Supplied data.

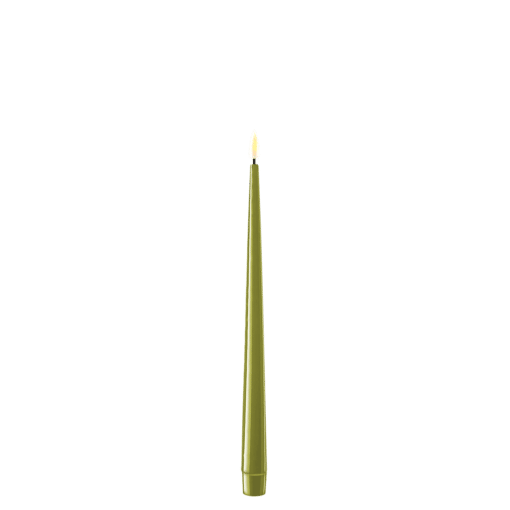 DELUXE HOMEART KERTELYS 28 CM 2 STK OLIVEN GRØN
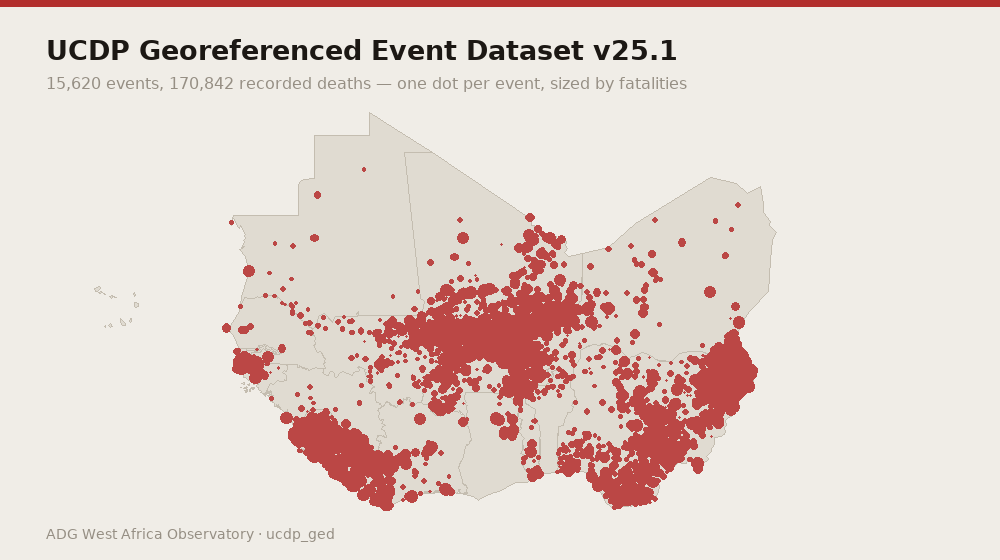 UCDP Georeferenced Event Dataset v25.1 — 15,620 events, 170,842 recorded deaths — one dot per event, sized by fatalities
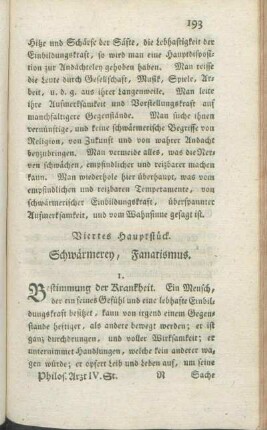 Viertes Hauptstück. Schwärmerey, Fanatismus.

The task. With the pictures omitted, reproduce the data above exactly.

Solution to this task.
 DELUXE HOMEART KERTELYS 28 CM 2 STK OLIVEN GRØN
 UCDP Georeferenced Event Dataset v25.1 — 15,620 events, 170,842 recorded deaths — one dot per event, sized by fatalities
 Viertes Hauptstück. Schwärmerey, Fanatismus.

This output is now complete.